Apple Blossom startup blog

The story of starting a homeschool curriculum software development company.

Sunday, April 17, 2011

The Idea - Software for Preschool and Home School Curriculums (curricula)

About a week ago, I lay awake at night thinking about what to do. I was looking for an easy startup idea, something that I could spend about $1000 and a month's spare time on to see if I could come up with a "minimum viable product" and find out if the idea develops any traction.

My wife (Kelsey) had just started doing preschool at home for my two small children. They love it. Harmon is 2 1/2 years old and Sammy (Samantha Jane, aka "Jambo") is just 1. Kelsey did some research and found an online curriculum that goes through the alphabet one letter a week and has coloring, songs, and various activities. It's pretty cool. She's added some of her own ideas and it's a great success.

We're also thinking about homeschooling. Since we plan on traveling (between the USA and Ecuador, and eventually sailing around the world), having a curriculum that we can adapt to our lifestyle is a must. Kelsey's all for home school, but I'm a bit more traditional, and well...pedantic -- in complete contrast to my attitude as a student.

I started thinking that if you were building a curriculum for yourself and it was more free-form and less rigid than a typical school, you might want to have an easy way to check off what you'd done. It might also be nice to have a source for people to find, compare notes on, and collaboratively develop curricula (curriculums?)

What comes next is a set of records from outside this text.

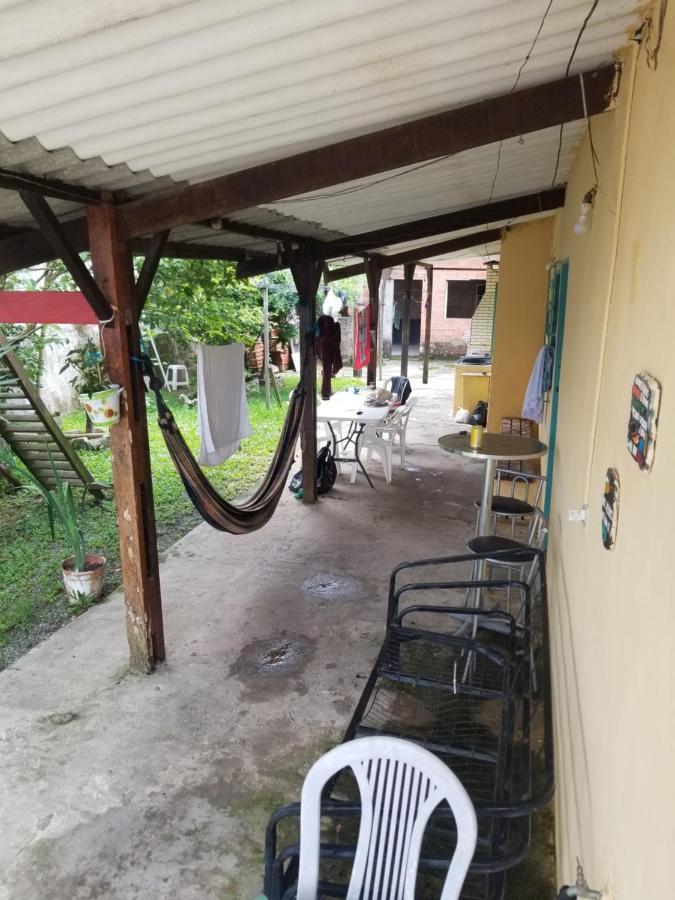 Villa Casa Da Piscina Peruíbe Exterior foto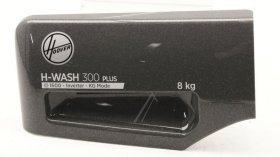 Detergent Case - 43036143 Draw h3w Fus 8kg 1600g [Candy Hoover]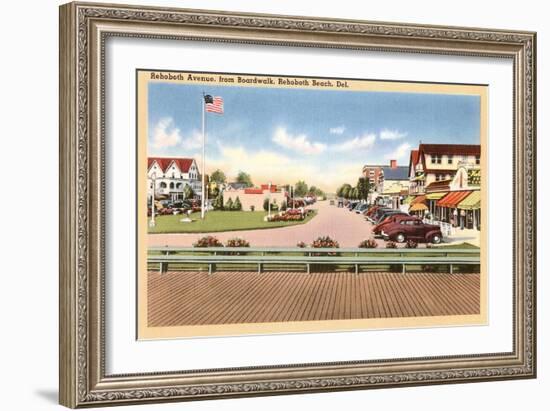 Rehoboth Beach, Delaware-null-Framed Art Print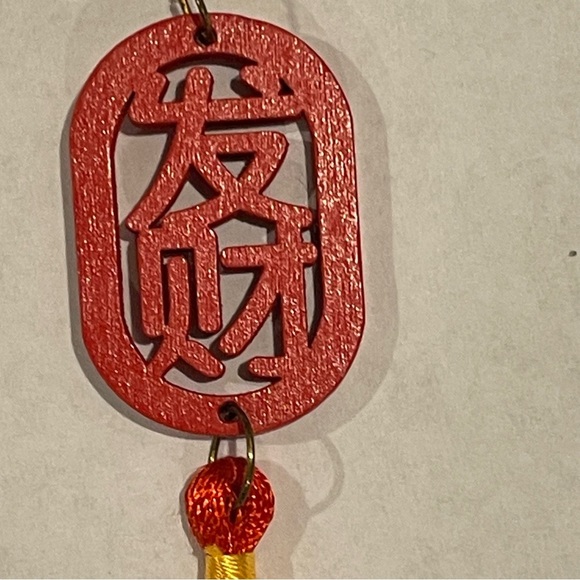 Feng Shui Lunar New Year Charm Bundle – Snake, Rabbit, Coin, Jade, Pouch - Picture 11 of 12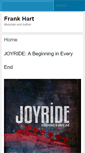 Mobile Screenshot of frankhart.com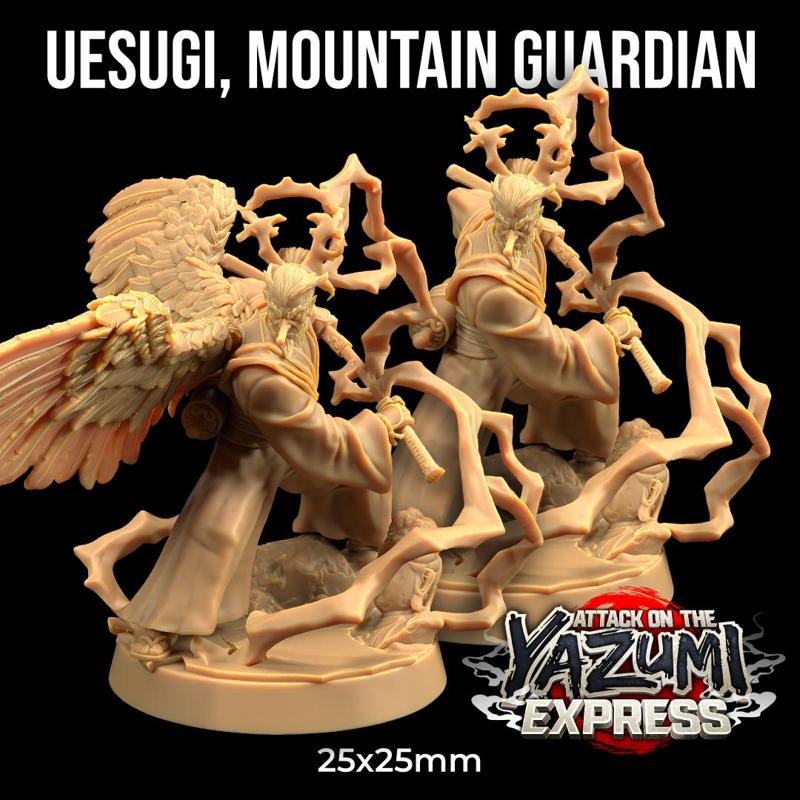 Uesugi, Mountain Guardian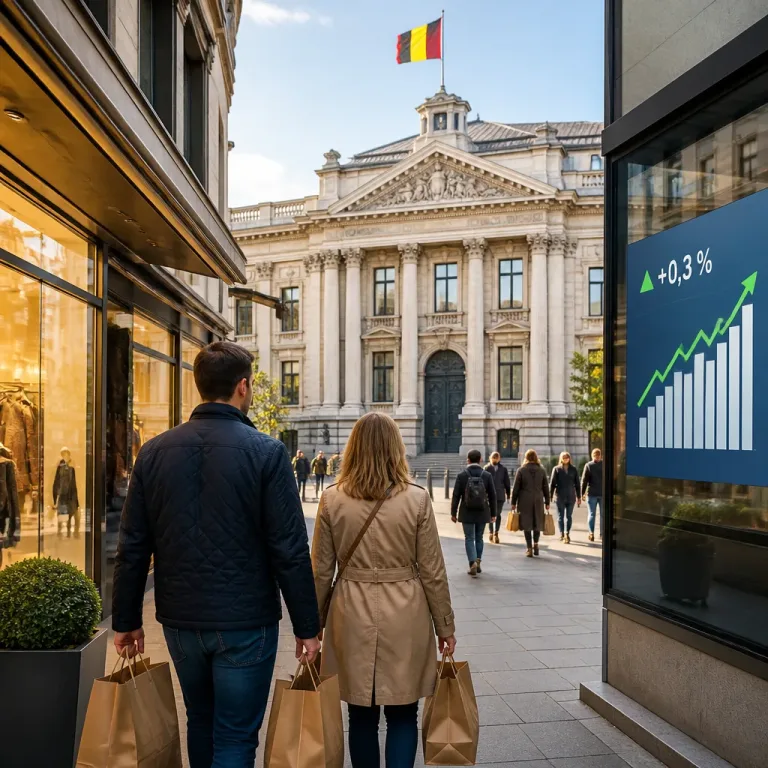 La Banque nationale prévoit un léger rebond de la croissance belge à +0,3 % au T3 2026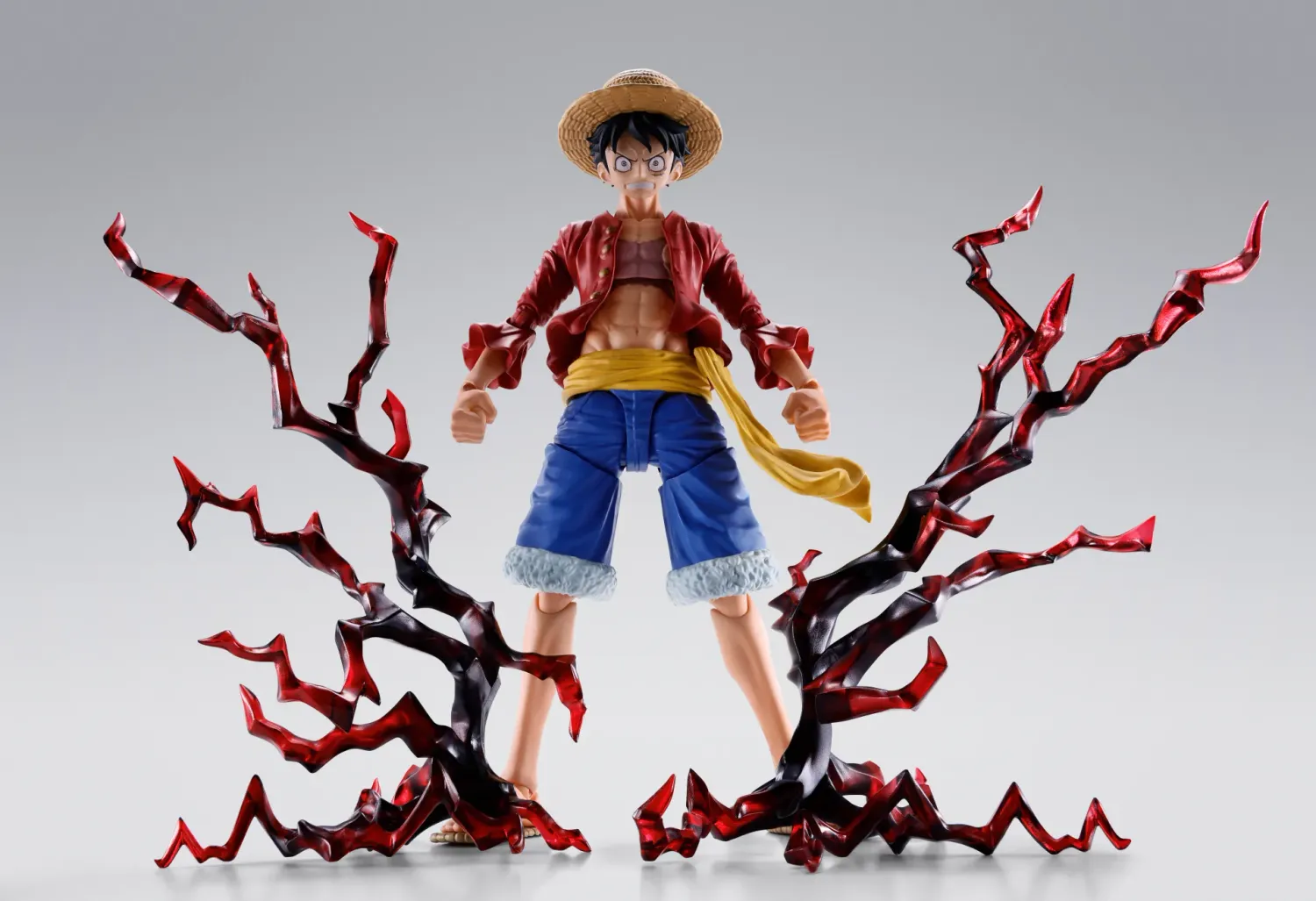 One Piece Monkey D. Luffy Two Years Later Option Parts Set One Piece Monkey D. Luffy Two Years Later Option Parts Set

So that was my idea. I'd build a website that would hopefully develop into a resource for finding preschool curriculum information (based on my wife's research and experience) and create a simple checklist program that would allow you to keep track of what you've covered. Admittedly, the checklist is probably overkill for pre-kindergarteners, but if I had a working system by the time my son was in first grade it might be of use to us, if no one else. I figured it would be easy enough to adapt the checklist to use grades if we wanted to do that.

I also have a friend who develops software for public school teachers to work with home schoolers. I don't know the details of it, but it helped me thinking there might be a business value to the idea.

So now I had an idea. The next step was to create a plan and see if it was worth developing.